C’est du moins ce qu’a récemment jugé de manière induite le tribunal administratif de NICE qui, dans une ordonnance en date du 4 avril 2023, a considéré que :
« 5. En l’espèce, il ressort tout d’abord des pièces du dossier que le requérant, dont le domicile est situé au 18 boulevard Risso à Nice et qu’il y a lieu de considérer comme voisin immédiat du projet, bénéficiera, au terme de l’exécution du projet, de conditions d’occupation, d’utilisation ou de jouissance de son bien plus favorables. Il est en effet constant que l’objet de l’arrêté litigieux ne porte que sur la démolition du Palais Acropolis et ne comporte aucune nouvelle construction, et que le projet poursuivi par la ville de Nice consiste à démolir le Palais Acropolis afin de prolonger la « Promenade du Paillon », communément dénommée la « coulée verte », depuis la traverse de la Bourgada jusqu’à l’esplanade du Maréchal de Lattre de Tassigny.
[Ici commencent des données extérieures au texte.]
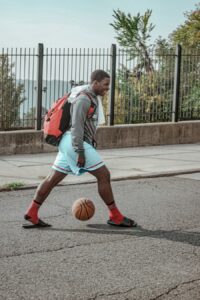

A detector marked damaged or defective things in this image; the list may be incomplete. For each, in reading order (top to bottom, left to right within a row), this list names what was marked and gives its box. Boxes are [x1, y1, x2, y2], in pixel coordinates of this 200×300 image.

crack in asphalt [149, 278, 200, 298]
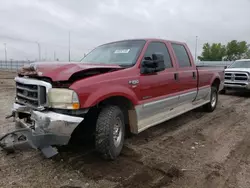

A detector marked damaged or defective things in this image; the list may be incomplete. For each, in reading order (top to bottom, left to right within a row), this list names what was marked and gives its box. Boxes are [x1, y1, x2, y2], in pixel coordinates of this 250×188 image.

crumpled hood [19, 61, 122, 81]
broken headlight lens [48, 88, 79, 109]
L’environnement immédiat du bien du requérant sera donc à terme plus agréable, plus verdoyant, et l’immeuble du requérant bénéficiera d’une vue plus dégagée que celle dont il bénéficiait précédemment. (…) Dans ces conditions, la commune de Nice est fondée à faire valoir que le requérant ne justifie pas d’un intérêt lui donnant qualité pour demander l’annulation de l’arrêté attaqué. Par suite, dès lors que la requête introduite à cette fin est ainsi irrecevable, les conclusions susmentionnées aux fins de suspension dudit arrêté ne peuvent qu’être rejetées, sans qu’il soit besoin d’examiner si la condition d’urgence est remplie. » (TA NICE, ord., 4 avr. 2023, n° 2301167).
Ainsi, tout en ayant remarqué la qualité de voisin immédiat du requérant, le juge administratif a apprécié son intérêt à agir au vu d’une éventuelle atteinte aux conditions d’occupation, d’utilisation ou de jouissance de son bien, et non au vu d’éléments relatifs à la nature, à l’importance ou à la localisation du projet de construction.
Il s’en déduit que le voisin immédiat redevient, dans ce cas particulier, un tiers ordinaire dont l’intérêt à agir s’analyse au regard des dispositions de l’article L. 600-1-2 du code de l’urbanisme, et qu’il ne dispose en conséquence d’aucune facilité dans les conditions d’accès au juge.